When I went into the Cort Theatre last night, I though for a moment I was going to a college production -- not because of the quality of what was onstage but because of the young audience, smartphones in hand, climbing over seats to get to their seats in the middle of a row. These twenty-somethings were far better dressed than the usual frumpy Broadway audience (whatever happened to dressing for the theatre?? Theatergoing should be a special occasion.), and far more excited to be there. The bars did booming business. What many of the young people in the audience were seeing was a play about them circa 1982 -- affluent, unmoored young New Yorkers.
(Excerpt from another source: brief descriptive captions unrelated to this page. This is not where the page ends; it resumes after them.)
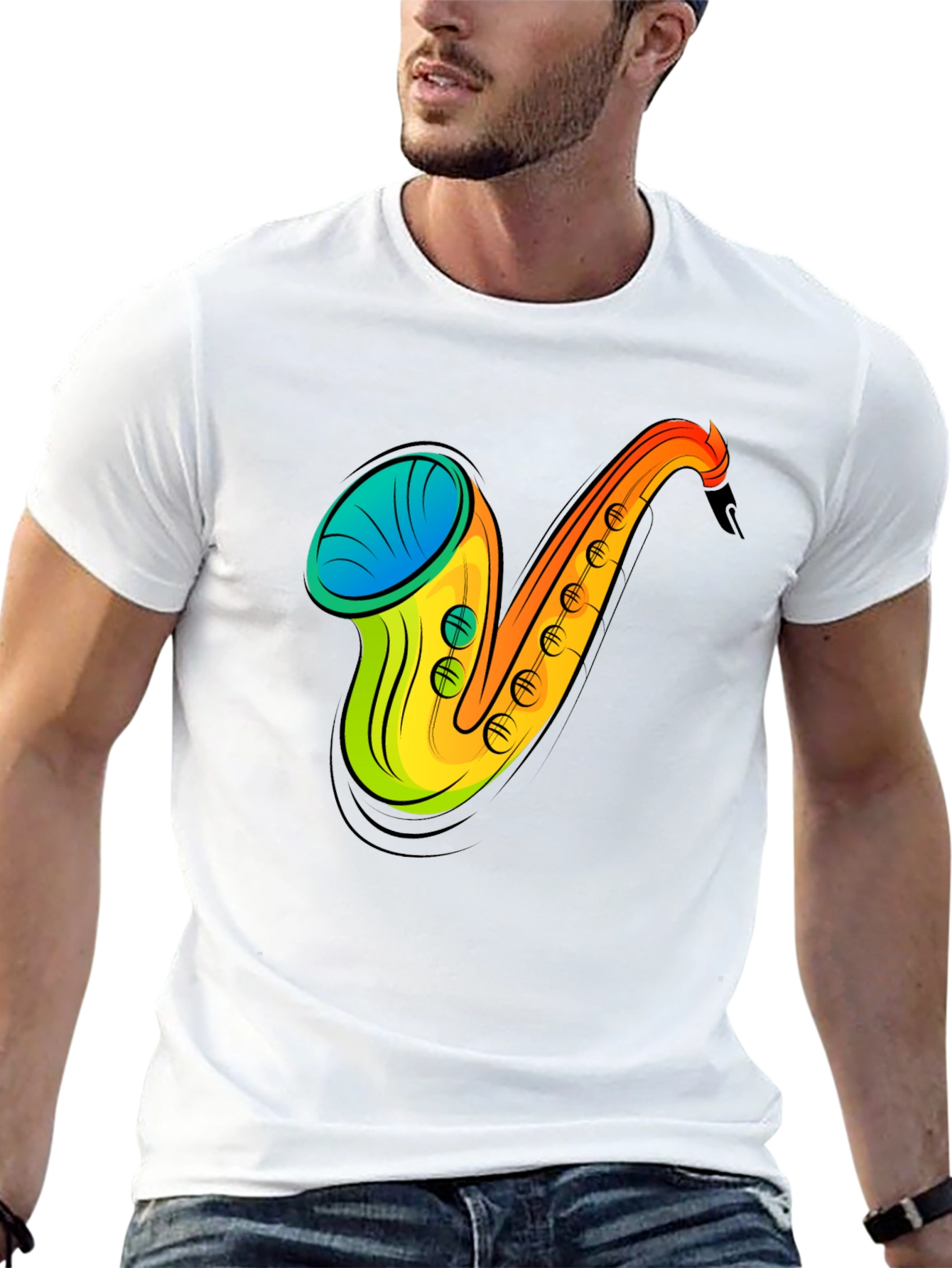 Saxophone Graphic Print Black T-Shirt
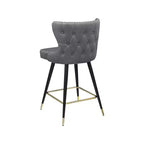 Meridian Furniture, Tabouret de comptoir/bar Hendrix en cuir végétalien gris, Lot de 2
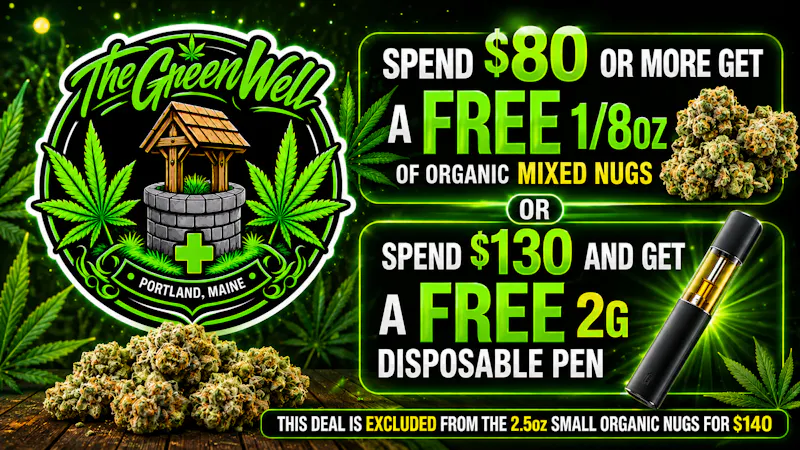 The Green Well - Delivery Spend $80 get a 1/8oz or $130 get a free 2g pen
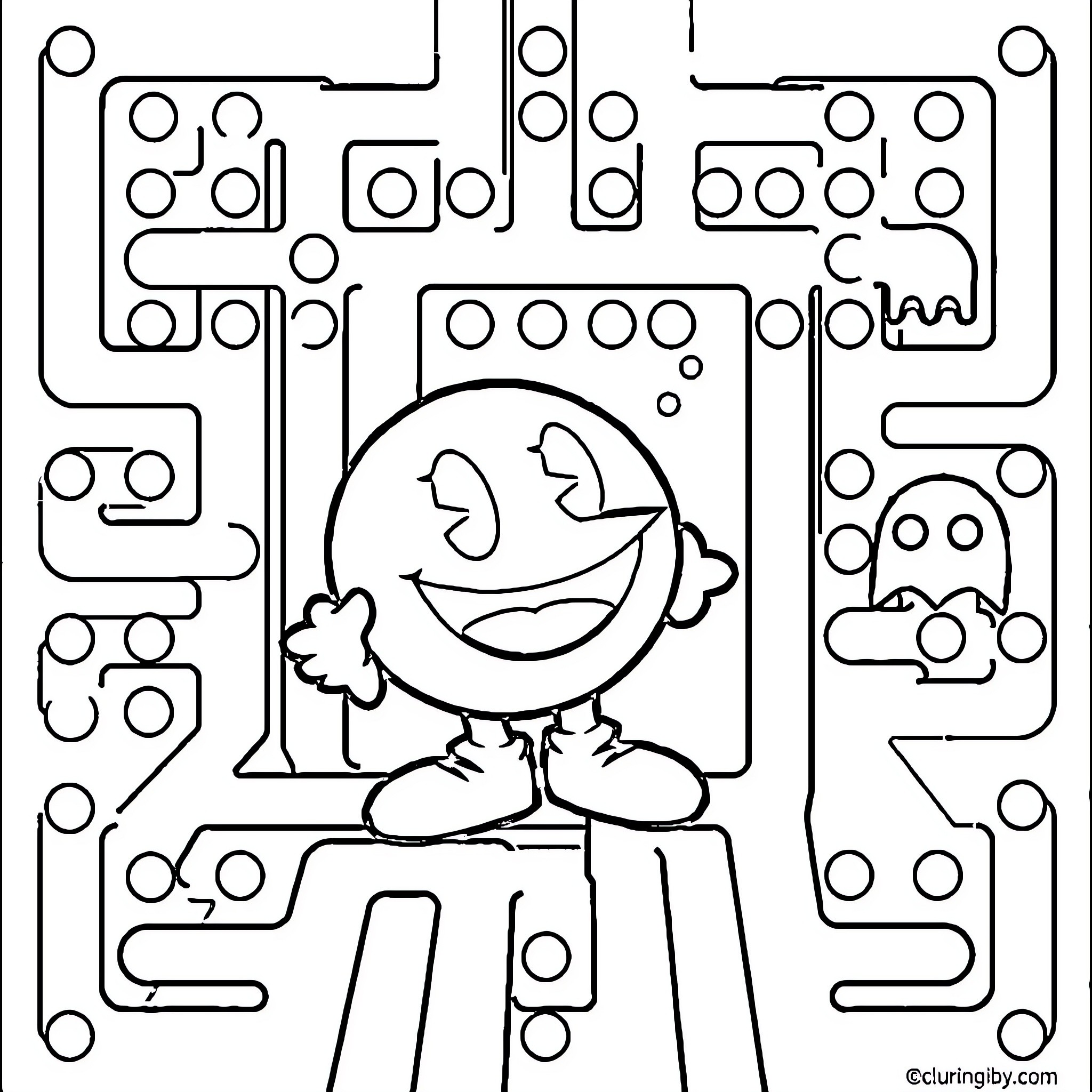Pacman exploring a maze-like circuit board Coloring Page (free black-and-white line drawing printable PDF for all, from beginners to advanced learners, including children, teens, adults, and seniors)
Kenneth Lonergan wrote THIS IS OUR YOUTH in the mid-1990s, but he was looking back at wealthy New York Jewish slackers in the early 1980s. The two young men at the heart of this play are losers. Fast-talking Dennis (Kieran Culkin) has his own apartment because his parents are wiling to pay rent to get him out of their unhappy home. Dennis is all bluster and bravado. He has visions of himself as a terrific entrepreneur. Enter Dennis's best (only?) friend Warren (Michael Cera), who has just left home with fifteen thousand dollars (probably $100K in 2014), of his father's ill-gained money (Dad is some kind of fixer with links to organized crime). Five minutes into his visit to Dennis's apartment, Warren has accidentally destroyed a bookshelf that holds, among other things, a sculpture by Dennis's girlfriend, a fragile remnant of a tenuous relationship. Warren, a college dropout, seems totally lost and seems to spread destruction wherever he goes. His relationship with Dennis, his only friend, verges on the abusive. Dennis is constantly reinforcing Warren's low self-esteem. Also in the picture is Jessica Goldman (Tavi Gevinson), with whom Warren strikes up a one-night romance. Jessica is as lost as the two young men. By the end, all these relationships have dissolved.
Not much happens in THIS IS OUR YOUTH, but there's lots of brilliantly written talk. These characters are highly articulate, but what they articulate is confusion. The language at its best is hilariously funny, but always with a sad aftertaste. Lonergan is a master at dialogue that delineates individual characters. These are three distinct voices, though the characters have more in common than they would like to admit. For all the talk, they have great difficulty actually communicating. The last half hour peters out as suddenly the characters are explaining themselves too much in deadly O'Neill-like monologues, but the rest of the play sparkles. These are sad characters, but until the last half-hour Lonergan keeps us laughing.
THIS IS OUR YOUTH could not have a better production. In Anna D. Shapiro's superb staging, the characters are defined as much by how they express themselves physically as by their words. Warren is all random movement; Jessica approaches, then withdraws; Dennis is fits and spurts of pointless action. The cast couldn't be better. Warren never leaves the stage and Michael Cera proves to the one case of a film actor who actually knows how to act on stage -- knows how to project his voice and act with his body. Kieran Culkin, who played Warren twelve years ago in London, is a bit long in the tooth for Dennis, but he is the perfect foil for Cera's Warren. Dennis is a total jerk, but Culkin keeps the audience with him. Gevinson is a fashion blogger turned actress. I was pleasantly surprised at how good she was, a tribute, I am sure, to Shapiro's gifts as a director as well as Gevinson's talent and discipline. Her scenes with Warren are deeply touching.
I have sat through a number of student productions of THIS IS OUR YOUTH and wasn't sure I wanted to see this revival. I was glad I went. The play is both a period piece -- no computers, no smart phones, only one phone with a long cord that seems to have a life of its own -- and a timeless picture of lost adolescents. Anna D. Shapiro's production and the fine acting of this super-talented cast, make it a must see for the young and for those of us who remember the horrors of our adolescence.
THIS IS OUR YOUTH. Cort Theatre. September 12, 2014.